EXERCISE BRIEF:
Every line of the material below that contains the string "baths" must appear in the answer.

DATA SHOWN:
===

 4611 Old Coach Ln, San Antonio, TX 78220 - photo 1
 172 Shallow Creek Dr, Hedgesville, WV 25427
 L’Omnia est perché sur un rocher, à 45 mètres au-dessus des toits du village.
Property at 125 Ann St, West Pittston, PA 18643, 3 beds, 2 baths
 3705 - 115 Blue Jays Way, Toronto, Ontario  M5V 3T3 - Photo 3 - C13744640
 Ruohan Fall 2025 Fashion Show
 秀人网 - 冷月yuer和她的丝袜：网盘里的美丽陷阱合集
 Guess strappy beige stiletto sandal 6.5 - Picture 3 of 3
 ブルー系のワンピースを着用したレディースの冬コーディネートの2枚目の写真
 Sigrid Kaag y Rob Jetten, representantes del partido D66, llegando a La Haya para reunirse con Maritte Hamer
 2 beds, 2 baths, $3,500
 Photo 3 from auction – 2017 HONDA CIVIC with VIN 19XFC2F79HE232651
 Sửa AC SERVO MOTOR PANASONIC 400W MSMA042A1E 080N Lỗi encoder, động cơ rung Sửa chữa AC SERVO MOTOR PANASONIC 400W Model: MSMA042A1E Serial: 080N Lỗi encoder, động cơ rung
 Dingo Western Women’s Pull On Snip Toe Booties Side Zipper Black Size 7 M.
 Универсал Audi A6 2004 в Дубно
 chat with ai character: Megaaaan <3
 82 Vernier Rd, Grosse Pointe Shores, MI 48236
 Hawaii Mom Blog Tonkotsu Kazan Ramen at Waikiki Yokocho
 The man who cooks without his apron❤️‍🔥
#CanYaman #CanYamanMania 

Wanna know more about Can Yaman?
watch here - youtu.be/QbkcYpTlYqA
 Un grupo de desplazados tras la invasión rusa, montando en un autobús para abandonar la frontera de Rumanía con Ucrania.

===

RESULT FOR THIS EXERCISE:
Property at 125 Ann St, West Pittston, PA 18643, 3 beds, 2 baths
 2 beds, 2 baths, $3,500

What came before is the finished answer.